Dirt Road’s End is a guidebook that simulates a fusion of past and present, as interpreted by two musicians blessed with a clear-eyed perspective and the ability to bring it all about.
American music has taken on such a broad definition in recent years that it’s nearly impossible to define it within the context of any single form. Blues, folk, roots rock and country all figure in the mix, leaving the possibility open for all those so inclined to take on its trappings. However, should anyone need a benchmark, they’d be well advised to check out the duo that refers to itself as Sugarcane Jane, and whose fourth album, appropriately named Dirt Road’s End provides the perfect example of how to incorporate all the necessary trappings. Anthony and Savana Lee Crawford, the husband-wife pair that operate under the aegis of Sugarcane Jane, describe their sound as “organic music at its finest”, and given its down home, back porch embrace, it has to be said that the label they’ve pinned is apt indeed.
The Crawfords arrive at this crucible with ample credits tacked on to their combined resume. He’s a highly respected guitarist and sideman who’s served alongside Neil Young, Vince Gill, Sonny James, Dwight Yoakam, Steve Winwood, and Rosanne Cash, a few among the many. She’s a multi-instrumentalist who opts to fill in the melodies as often as necessary. Buzz Cason, a founder member of the Americana elite, produced the album and chose to release it on his own custom label. Will Kimbrough contributes fiddle. And given the fact the couple reside on the Alabama Gulf Coast, the pair have plenty of inspiration from which to draw.

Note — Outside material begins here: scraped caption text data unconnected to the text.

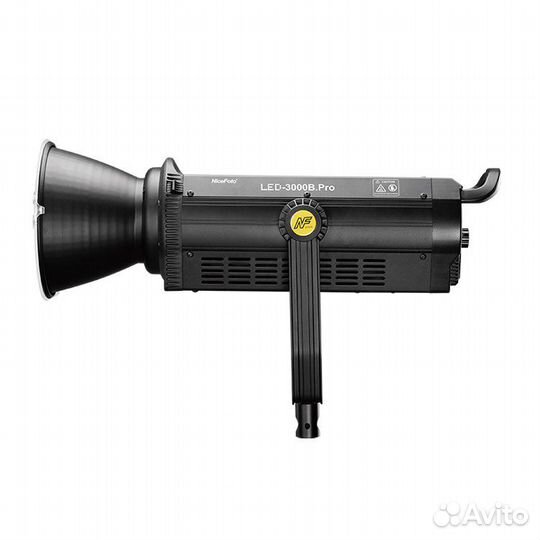 Осветитель Nicefoto LED-3000B.Pro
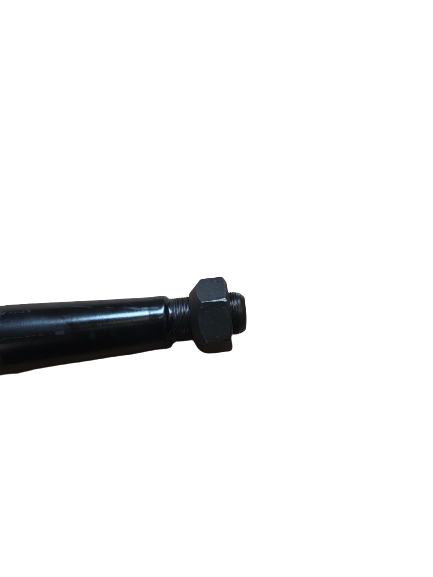 Punta per caricatore rotoballe 1200x42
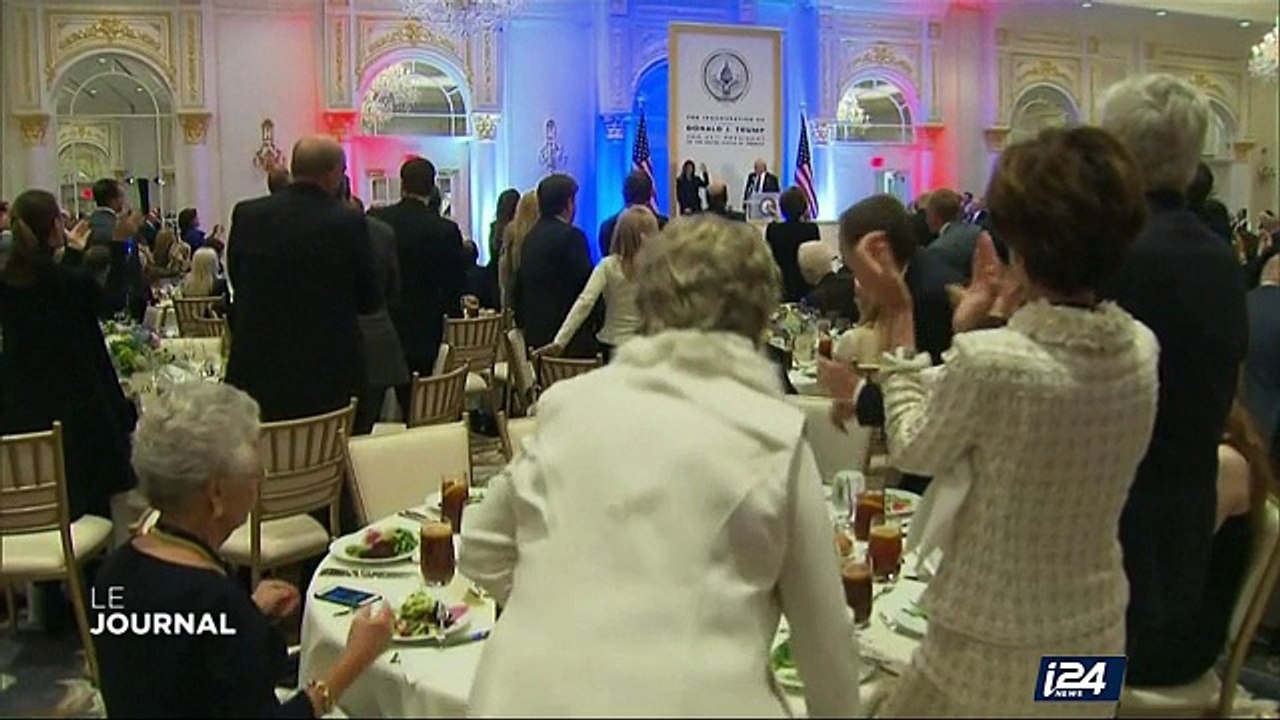 Etats-Unis - Russie : Démission du Conseiller à la sécurité nationale Michael Flynn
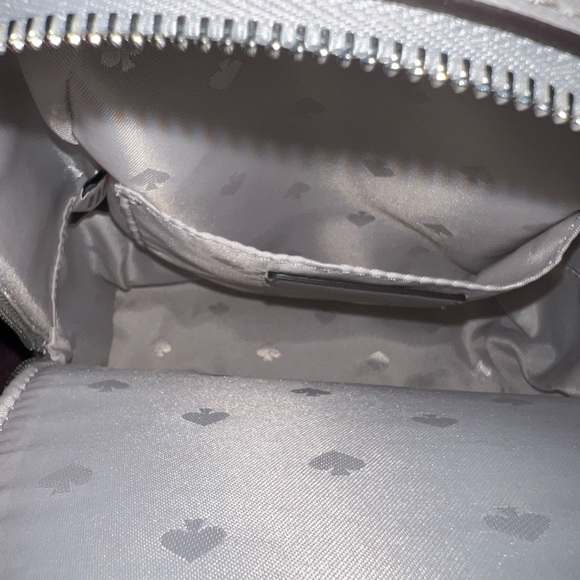 Kate Spade Mini Backpack - Picture 3 of 4
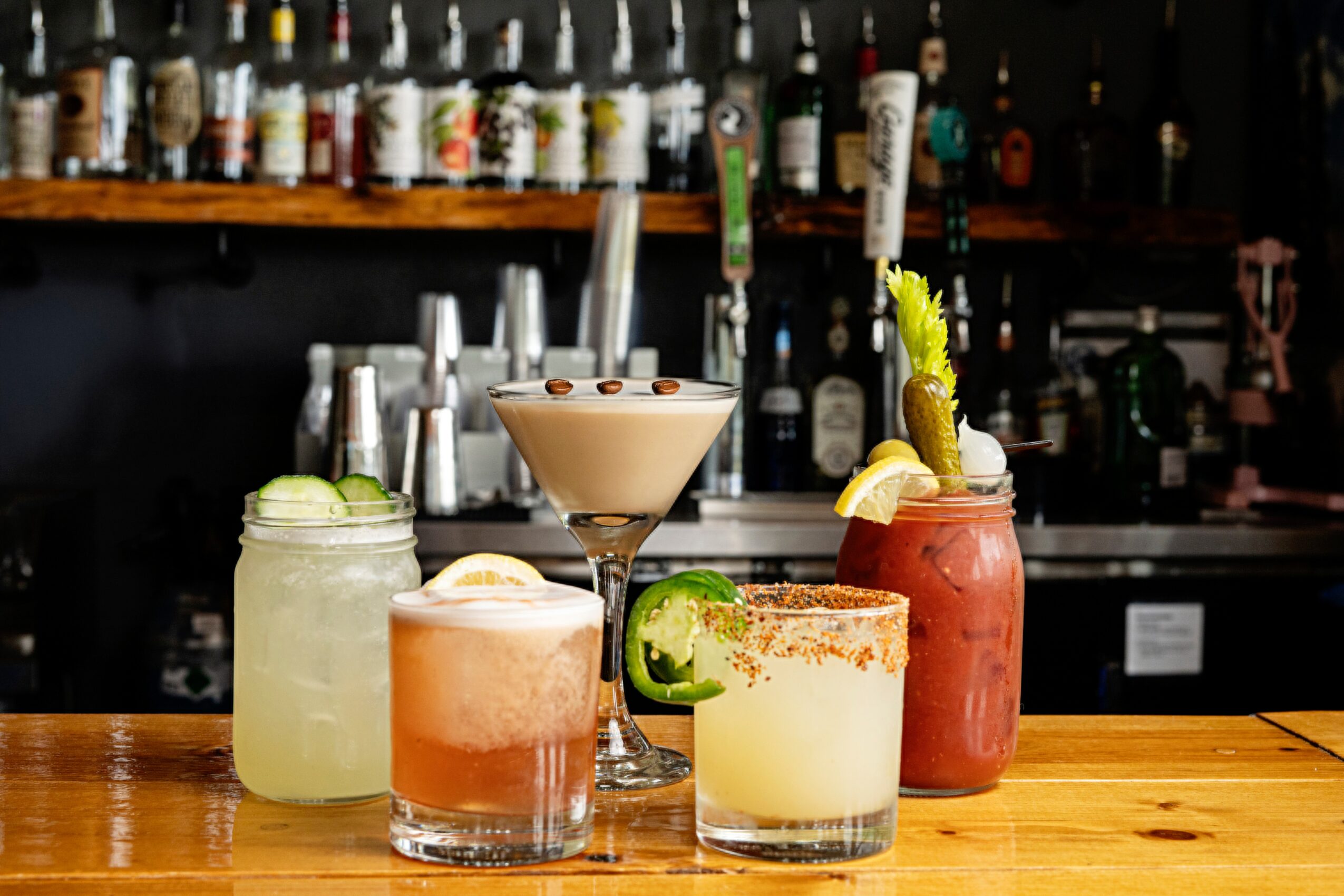 Hidden Gems: Meet Kennedy Bodiford 1966 Bar & Grill, Tokatee Golf Club of 1966 Bar & Grill
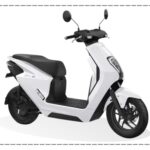 Supra X 125 FI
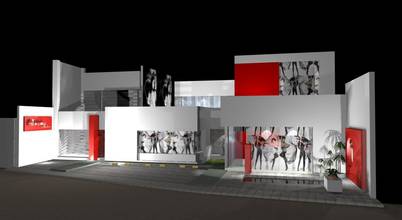 ARTIFEX ARQUITECTOS MX SA DE CV
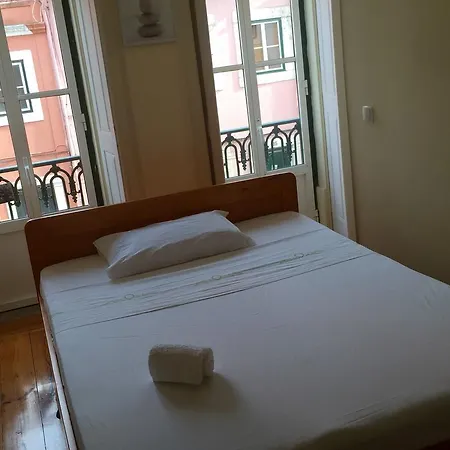 Appartement Queen Belem Lisboa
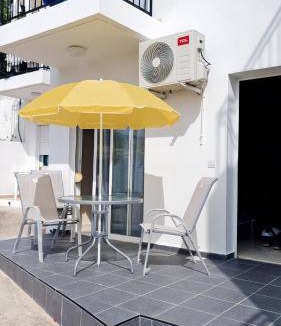 Pegeia Apartment | 30 m² Apartment ∙ 1 bedroom ∙ 2 guests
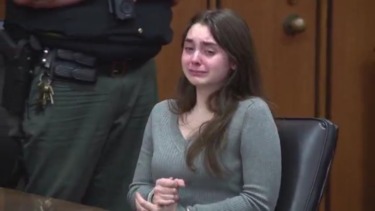 Mackenzie Shirilla’s mom says she’s misunderstood, ‘not a ‘wild child’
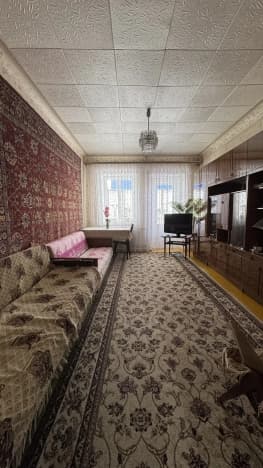 Купить квартиру в Орске. Вариант № 2174031, 0, площадь - квм, цена 2250000 рублей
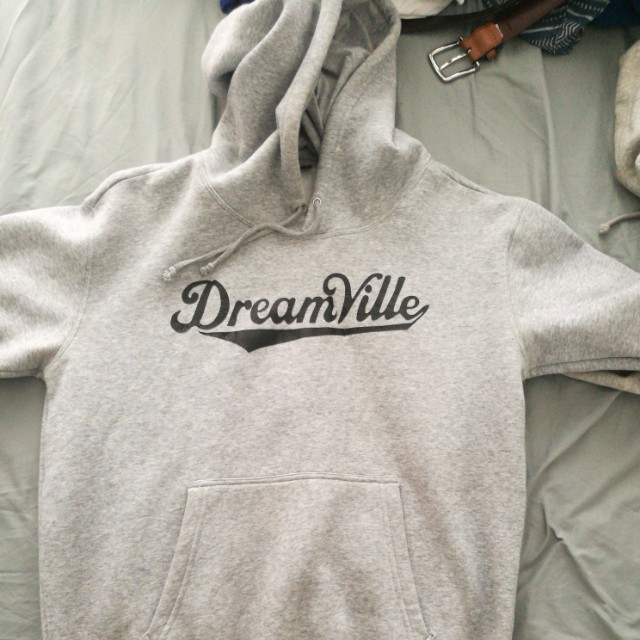 dreamville hoodie canada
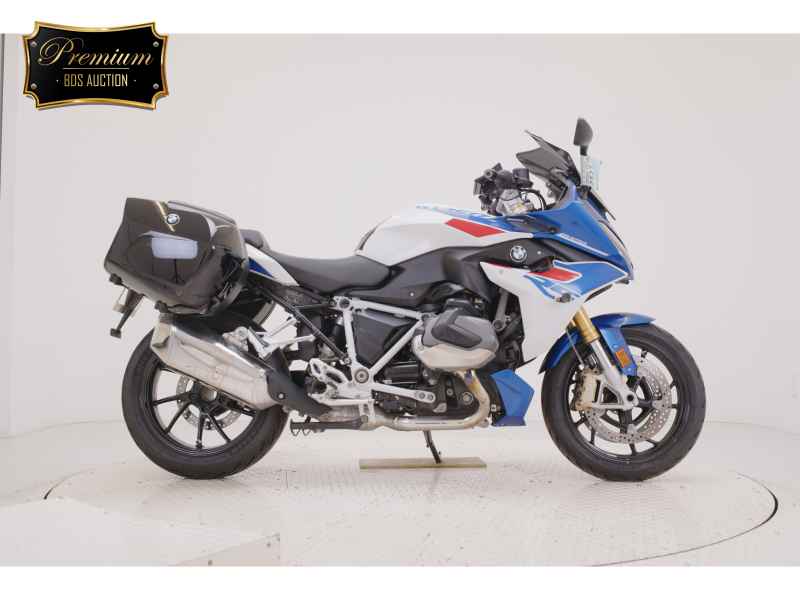 BMW R1250RS 2024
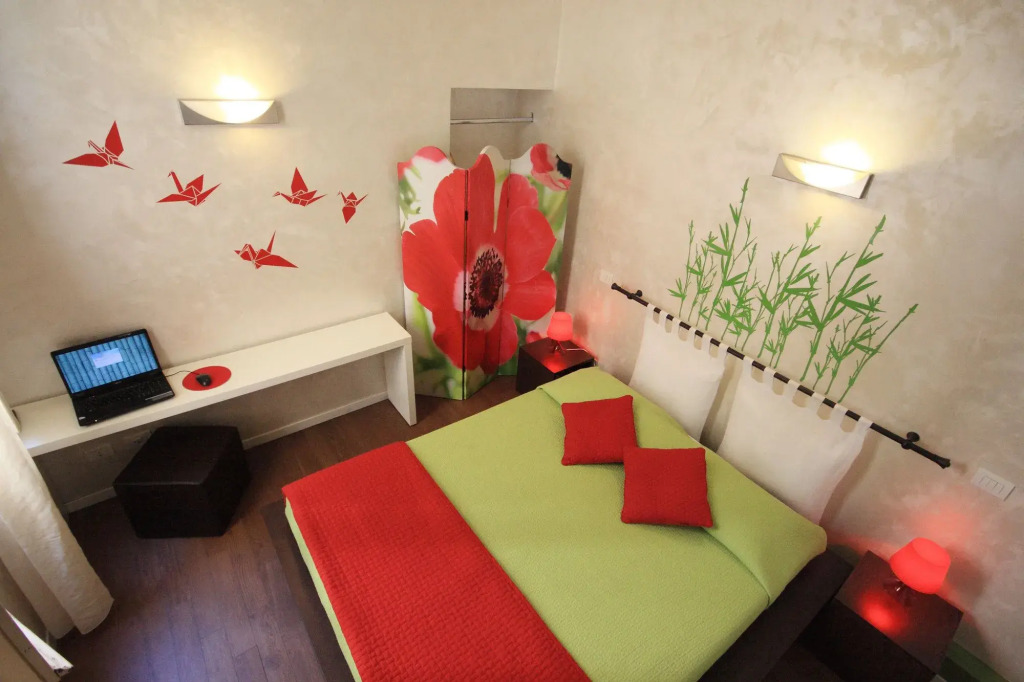 WRH Suites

All that accounts for the authenticity that’s strummed into each of these songs. Indeed, any of these ten tunes could easily be mistaken for an age old folk standard, what with the influx of string picking, harmonic playing, fiddle and mandolin that mesh in the make-up of these unassuming originals. Opening track “Ballad of Sugarcane Jane”, sets up the premise, a lyrical narrative that traces the couple’s journey from their meeting in Nashville, to the evolution of their relationship, both personal and professional. From that point on, they manage to maintain their homegrown delivery and demeanor, whether basking in the stunning evocative aura of “San Andreas” (“If God had a home, it would be there...”) or the rustic ramble of “Pedigree” and “Heartbreak Road”. Even in the midst of their serendipitous stride -- as illuminated in the rockabilly boogie of “Louisiana” or the creaky circumspect of “Glory Bound” -- the pair never lose focus, and certainly never abandon neither their authenticity nor intent. And when their rumination is injected with humor, as filtered through The Cason-penned “Not Just Another Truck Song”, it also becomes clear that even while replicating traditional tomes, they’re not adverse to lightening up the proceedings when opportunity is presented.
Ultimately, Dirt Road’s End is actually akin to a beginning, an album that declares the duo’s birthright and claim to the role of actual Americana practitioners. It’s a guidebook that simulates a fusion of past and present, as interpreted by two musicians blessed with a clear-eyed perspective and the ability to bring it all about. It's an album that will, in the future, encourage repeat encounters while pointing the way from those back trails forward.